Let’s count these down, 3-2-1, with that third law first.
Newton’s 3rd Law: The Law of Push-Back
You’re struggling against something in your life. You could be trying to finish a project, get a job, work on a personal relationship goal, whatever. Remember Newton’s 3rd Law of Motion. I’m not trying to spout metaphysical voodoo at you, or misuse sound scientific principles. Just… draw a lesson from it. For every action, there is an equal and opposite reaction. The way the universe we’re in works, is that forces tend to be opposed by other forces.
Sitting in a chair, you may feel you’re doing nothing at all, but you’re constantly exerting force downward on the chair, and the chair is exerting force upward on you. That’s what keeps you from falling through! If you push your hand against a wall, not only are you exerting force on the wall, the wall is exerting equal force back on you, or else it would move. Now, here’s the important part: Anything, literally anything that you move- be it a pencil, a couch cushion, a cereal box, or a refrigerator- exerts equal force back on you while you’re moving it. In some way, maybe the same is true for projects, job searches, and relationship goals.

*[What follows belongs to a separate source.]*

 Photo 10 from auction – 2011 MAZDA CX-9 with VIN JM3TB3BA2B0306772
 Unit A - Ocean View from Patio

The lesson: You’re going to experience push-back in life. Expect it.
Newton’s 2nd Law: The Law of Proportion
Now for the second law, which is represented by the equation Force = Mass x Acceleration. Force is the push or pull you put on something, Mass is how big and heavy it is, and Acceleration is how much it moves. Simply put, the bigger something is, the more force it takes to move it.
For example, if you place your refrigerator on a clear floor and kick it as hard as you can, you might move it a little. However, if you then place a soccer ball on the floor and apply the same amount of force, you’ll probably break a window. The same force applied to an object with smaller mass produces much greater acceleration. By the same token, it’s simply going to take more force for you to accelerate the refrigerator the same way you accelerate the soccer ball.

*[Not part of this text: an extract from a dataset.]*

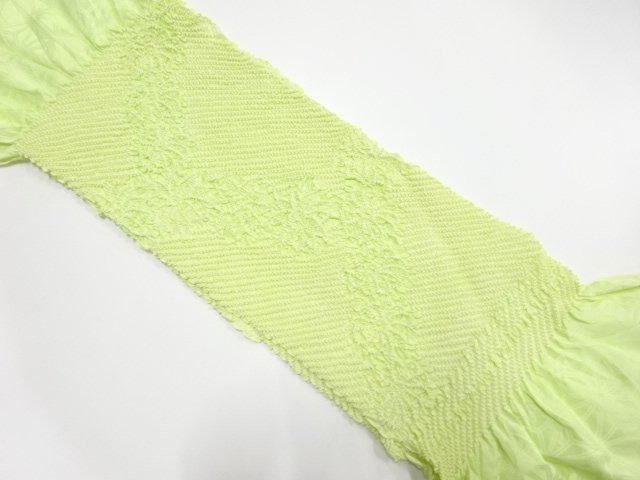 SILK Tie-dye obiage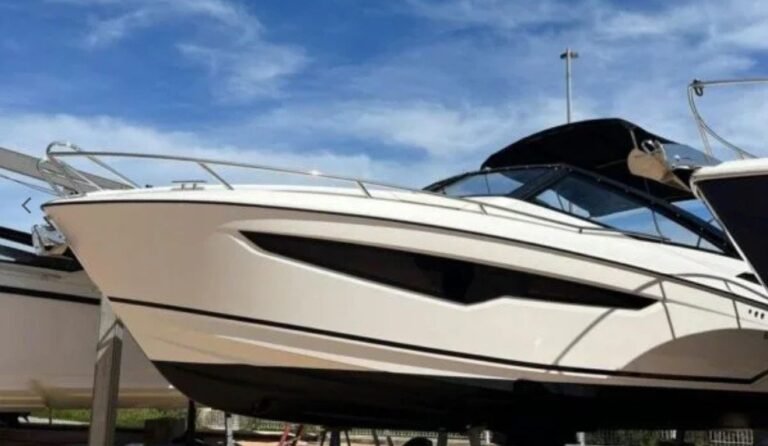 Parker 850 Voyager 2022 bateau occasion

Maybe the things you’re trying to accomplish that seem to require so much effort are simply bigger, more important things in your life. Sometimes we accept things aren’t worth doing if they’re taking a lot of energy out of us, or the best uses of our time are all those projects that feel easiest to do. But maybe that’s not it at all. Maybe the easy things are simply smaller, less important endeavors. Maybe the goals we have to work hardest on are so intensive because they’re the biggest achievements.
The lesson: Bigger changes require bigger attention and energy from you.
Newton’s 1st Law: The Law of Persistence
Objects at rest tend to stay at rest. We live in a “lazy” universe where things like to keep doing what they’re doing. Yes, things change, but they only change because of forces acting on them. Your life is a hotbed of inertia if you just train yourself to look for it.
Objects in motion tend to stay in motion with the same speed and in the same direction. This is the beautiful clincher to the more personal side of Newton’s Laws. Here’s how the universe works: the more mass something has, the greater its inertia, and the more force it takes to stop it. It may take a while to get a big train started down the track, but once it reaches top speed, it’s a force to be reckoned with. The big, important changes in your life may be hard to get started. They may require more time and energy than you ever thought you’d have to spend on them. But once they’re in motion, they just might keep going on their own and carry you wherever you want to go.
The lesson: The biggest changes are always hardest at the beginning. It gets easier from there.
Well, that’s all Sir Newton has for us this week. Hang in there, guys. Scientifically speaking, it may not actually be darkest just before dawn (that time is between midnight and 1:00), but the biggest masses to accelerate really are the ones that require the most force. So keep pushing!